--- Problem requirements ---
Output the lines of the records exactly, from the first through the one containing "Metal Oversize Aluminum". Omit all pictures.

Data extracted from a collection
....
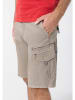 Timezone Jeansshorts in Beige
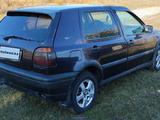 Volkswagen Golf 1992 года за 1 600 000 тг. в Шемонаиха – фото 4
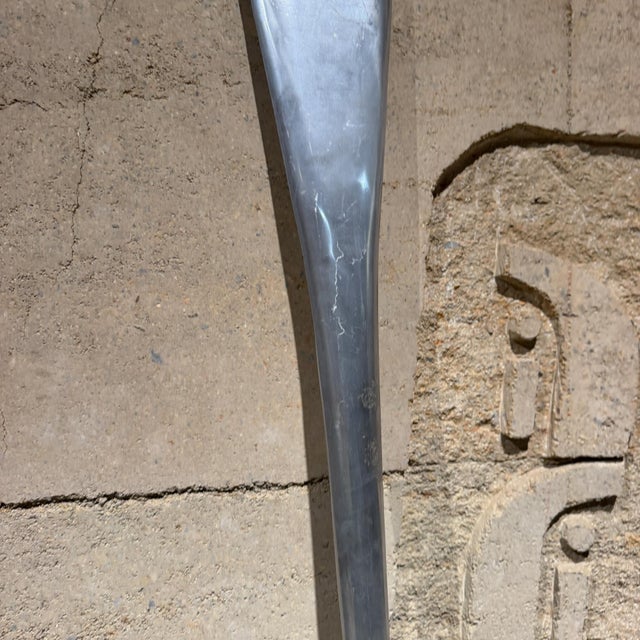 Metal Oversize Aluminum Spoon and Fork Curtis Jere Pop Art Wall Sculpture For Sale - Image 7 of 14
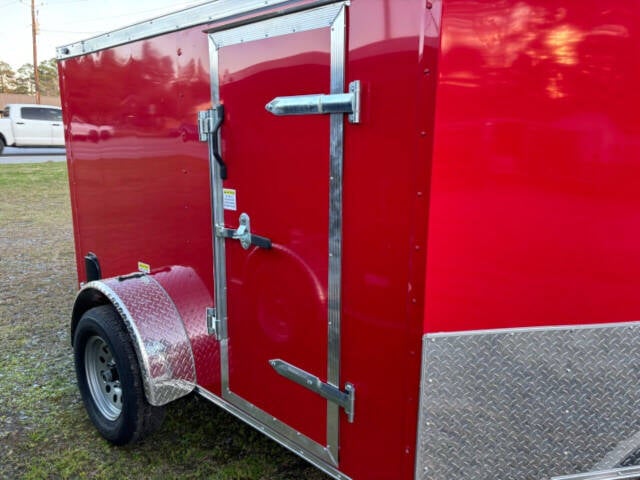 2024 South River Cargo 5x8SA Enclosed Cargo for sale at Cross Resurrection Golf Carts and Trailers in Rincon, GA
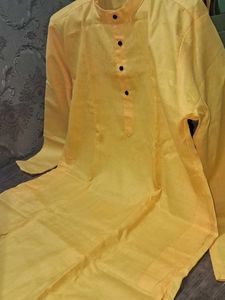 Yellow Kurta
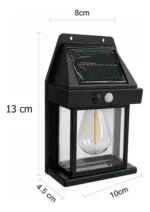 Reflector Aplique Led Con Panel Solar 888 - Imagen 16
....
--- Exercise output ---
 Timezone Jeansshorts in Beige
 Volkswagen Golf 1992 года за 1 600 000 тг. в Шемонаиха – фото 4
 Metal Oversize Aluminum Spoon and Fork Curtis Jere Pop Art Wall Sculpture For Sale - Image 7 of 14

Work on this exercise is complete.